Но Сервет чувствует, что этот бесчеловечный зелот желает отнять у него единственное, что в его обреченном теле еще живо и составляет его бессмертие, его веру, его убеждения, — и несчастный возмущается. Решительно отказывается он дать трусливое признание. А раз так, то продолжать разговор Кальвину представляется излишним: человек, полностью отказывающийся подчиниться ему в религиозных вопросах, более не брат во Христе, а сатанинский слуга и грешник, и поэтому любое дружеское слово, обращенное к нему, было бы потрачено зря, без пользы. К чему бросать горчичное семя добра в душу еретика? Сурово отворачивается Кальвин, без слов и сердечного взгляда покидает свою жертву. За ним скрипят железные запоры, и свою запись этот зелот-обвинитель заключает удивительно бесчувственными словами, позорящими его самого на вечные времена: «Так как уговорами и предостережениями я ничего добиться не смог, я не захотел быть более мудрым, чем это разрешает мне мой Учитель. Я последовал правилу святого Павла и ушел от еретика, который сам вынес себе приговор».
* * *
Смерть на костре при малом огне — самая мучительная из всех казней; даже средневековье, известное своими ужасами, пользовалось ею многие сотни лет в редчайших случаях; чаще всего осужденного, привязав к столбу, душили или лишали сознания. Именно этот самый ужасный, самый чудовищный вид смертной казни был выбран для первого еретика, для первой жертвы протестантизма; и можно понять, почему после взрыва возмущения гуманистов всего мира Кальвин примет все меры к тому, чтобы, пусть с опозданием, с очень большим опозданием, попытаться снять с себя ответственность за эту чудовищную жестокость. Он и другие из консистории приложили много усилий, рассказывает он (после того, как тело Сервета давно уже превратилось в прах), к тому, чтобы мучительную казнь сожжением человека заживо на медленном огне заменить более милосердною казнью — отсечением головы, но «их усилия были напрасны» (genus mortis conati sumus mutare, sed frustra).

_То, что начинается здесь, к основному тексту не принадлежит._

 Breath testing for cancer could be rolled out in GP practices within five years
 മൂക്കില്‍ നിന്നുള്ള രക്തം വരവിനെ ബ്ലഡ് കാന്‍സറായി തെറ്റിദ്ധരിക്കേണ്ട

В протоколах Совета не упоминается ни об одном таком безрезультатном усилии, а какому беспристрастному человеку покажется достойным доверия тот факт, что Кальвин, сам создавший этот процесс и едва ли не орудиями пыток вырвавший из податливых советников смертный приговор Сервету, что этот самый Кальвин вдруг превратился в личность, не имеющую в Женеве ни власти, ни влияния, чтобы добиться замены бесчеловечной казни казнью более милосердной?!
Впрочем, если быть точным, действительно, Кальвин имел намерение смягчить казнь Сервета, но — и вот тут-то диалектический сдвиг в его утверждении — лишь при одном условии, что это смягчение Сервет купит в последний час sacrificio d’intelletto [105] Отказом мыслить (ит.).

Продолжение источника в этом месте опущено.